**WHAT YOU SHOULD DO:** Output all the data exactly.

**DATA SECTION:**
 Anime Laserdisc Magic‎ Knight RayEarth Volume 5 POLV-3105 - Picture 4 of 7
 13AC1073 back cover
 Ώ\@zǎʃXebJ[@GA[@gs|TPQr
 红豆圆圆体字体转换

**EXERCISE RESULT:**
 Anime Laserdisc Magic‎ Knight RayEarth Volume 5 POLV-3105 - Picture 4 of 7
 13AC1073 back cover
 Ώ\@zǎʃXebJ[@GA[@gs|TPQr
 红豆圆圆体字体转换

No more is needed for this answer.